Ende Oktober 2006 verabschiedete das Bundeskabinett ein neues Weißbuch zur „Sicherheitspolitik“. Damit wurde eine Lücke geschlossen, das letzte Weißbuch der Bundeswehr erschien im Jahr 1994.
von Max Brym, München
Ein Dozent der Bundeswehr-Universität München namens Jürgen Schnell formulierte bereits im Juni in einem Vortrag martialisch die Militärdoktrin des deutschen Imperialismus. Schnell erklärte in Brüssel: „Wenn der Krieg von Anfang an zur Geschichte der Menschheit gehört, dann ist anzunehmen, dass der Krieg überwiegend positive Funktionen erfüllt. Wäre es nicht so, dann hätte die Evolution sicherlich längst dafür gesorgt, dass der Krieg als Phänomen verschwunden wäre“ (taz vom 7. November).
Die Teilnehmer der internationalen Managementtagung konnten in Brüssel von Generalleutnant a. D. Jürgen Schnell weiter vernehmen: „ Die Natur ist offensichtlich von A-Z auf Wettbewerb angelegt und Kriege sind ihrem Wesen nach spezifische, gewaltsam ausgetragene Formen des Wettbewerbs zwischen sozialen Großgruppen.“ Herr Schnell leitet den Krieg aus dem Konflikt um Macht, Ressourcen und dem Kampf um die Vorherrschaft zwischen rivalisierenden nationalstaatlichen Kapitalgruppen ab. Damit charakterisiert er treffend das Wesen des Imperialismus.

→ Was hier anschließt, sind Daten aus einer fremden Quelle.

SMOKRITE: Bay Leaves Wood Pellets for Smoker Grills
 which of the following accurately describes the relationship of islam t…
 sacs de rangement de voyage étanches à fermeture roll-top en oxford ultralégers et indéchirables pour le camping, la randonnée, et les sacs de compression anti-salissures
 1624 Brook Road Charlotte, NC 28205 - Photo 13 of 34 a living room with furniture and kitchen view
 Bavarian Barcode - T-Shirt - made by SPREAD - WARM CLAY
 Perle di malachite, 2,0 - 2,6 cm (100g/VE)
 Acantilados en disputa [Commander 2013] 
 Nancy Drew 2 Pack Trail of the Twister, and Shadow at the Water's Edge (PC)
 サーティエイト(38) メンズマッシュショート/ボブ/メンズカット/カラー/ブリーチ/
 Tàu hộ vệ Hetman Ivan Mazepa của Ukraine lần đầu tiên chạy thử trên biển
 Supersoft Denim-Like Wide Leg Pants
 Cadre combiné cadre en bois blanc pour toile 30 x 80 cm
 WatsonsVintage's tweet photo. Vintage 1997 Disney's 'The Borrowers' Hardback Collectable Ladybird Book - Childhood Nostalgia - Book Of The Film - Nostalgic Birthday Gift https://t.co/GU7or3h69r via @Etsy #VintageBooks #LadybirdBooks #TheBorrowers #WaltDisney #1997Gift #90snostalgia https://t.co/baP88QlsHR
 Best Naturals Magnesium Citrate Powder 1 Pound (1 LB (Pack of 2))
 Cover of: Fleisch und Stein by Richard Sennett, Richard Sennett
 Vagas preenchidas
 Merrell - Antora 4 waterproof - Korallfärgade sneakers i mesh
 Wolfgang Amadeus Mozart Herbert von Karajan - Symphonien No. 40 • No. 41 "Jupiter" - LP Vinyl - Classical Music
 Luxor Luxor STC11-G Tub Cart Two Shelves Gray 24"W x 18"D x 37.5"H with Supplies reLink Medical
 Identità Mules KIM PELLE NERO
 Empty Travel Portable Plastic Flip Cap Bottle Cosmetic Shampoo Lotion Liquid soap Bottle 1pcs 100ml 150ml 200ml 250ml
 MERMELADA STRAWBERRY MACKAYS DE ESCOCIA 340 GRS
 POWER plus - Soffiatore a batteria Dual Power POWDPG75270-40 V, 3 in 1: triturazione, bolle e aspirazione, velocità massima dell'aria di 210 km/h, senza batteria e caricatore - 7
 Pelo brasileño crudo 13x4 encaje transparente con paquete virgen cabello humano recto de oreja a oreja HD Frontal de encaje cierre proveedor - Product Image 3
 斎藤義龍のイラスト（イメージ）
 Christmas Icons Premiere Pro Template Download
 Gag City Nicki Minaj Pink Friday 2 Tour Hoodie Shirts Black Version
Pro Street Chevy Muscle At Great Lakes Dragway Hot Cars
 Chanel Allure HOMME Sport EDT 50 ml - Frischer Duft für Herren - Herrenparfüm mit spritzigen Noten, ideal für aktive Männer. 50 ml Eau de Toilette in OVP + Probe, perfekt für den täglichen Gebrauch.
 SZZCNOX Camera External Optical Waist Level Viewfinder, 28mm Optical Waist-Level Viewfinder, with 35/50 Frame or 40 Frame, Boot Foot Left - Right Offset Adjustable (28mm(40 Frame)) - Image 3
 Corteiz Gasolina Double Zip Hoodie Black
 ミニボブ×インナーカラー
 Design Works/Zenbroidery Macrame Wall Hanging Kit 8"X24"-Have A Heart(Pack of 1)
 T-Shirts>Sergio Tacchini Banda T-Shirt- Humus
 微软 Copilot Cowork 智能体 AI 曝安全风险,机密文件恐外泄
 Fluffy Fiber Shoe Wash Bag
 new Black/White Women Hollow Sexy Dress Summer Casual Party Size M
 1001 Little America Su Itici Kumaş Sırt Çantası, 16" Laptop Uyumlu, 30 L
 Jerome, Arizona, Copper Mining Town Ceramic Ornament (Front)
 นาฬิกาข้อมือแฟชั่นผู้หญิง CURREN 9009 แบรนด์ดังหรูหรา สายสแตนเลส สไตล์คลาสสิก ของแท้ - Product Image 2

Generalleutnant a. D. Jürgen Schnell hat mit seinem Vortrag eine schöne Einleitung für das im Oktober 2006 beschlossene Weißbuch der Bundeswehr abgeliefert. Seine Ausführungen erinnerten an die Diktion des Generals Ludendorff während und nach dem Ersten Weltkrieg. Seine Erläuterungen über die „positive Funktion“ des Krieges geben der weltweit im Einsatz befindlichen Bundeswehr höhere sozialdarwinistische Weihen.
Das neue Weißbuch
Das Weißbuch der Bundeswehr hält fest, dass die Bundeswehr seit Jahren „ konsequent den Wandel zu einer Armee im Einsatz“ beschritten hat. Ein kurzer Blick auf den Globus genügt, um diese Feststellung nachzuvollziehen. Die Kampf- und Stabilisierungseinheiten der Bundeswehr befinden sich in Afghanistan, im Kongo, vor den Küsten des Libanon, in Kosova und an anderen Stellen des Erdballs.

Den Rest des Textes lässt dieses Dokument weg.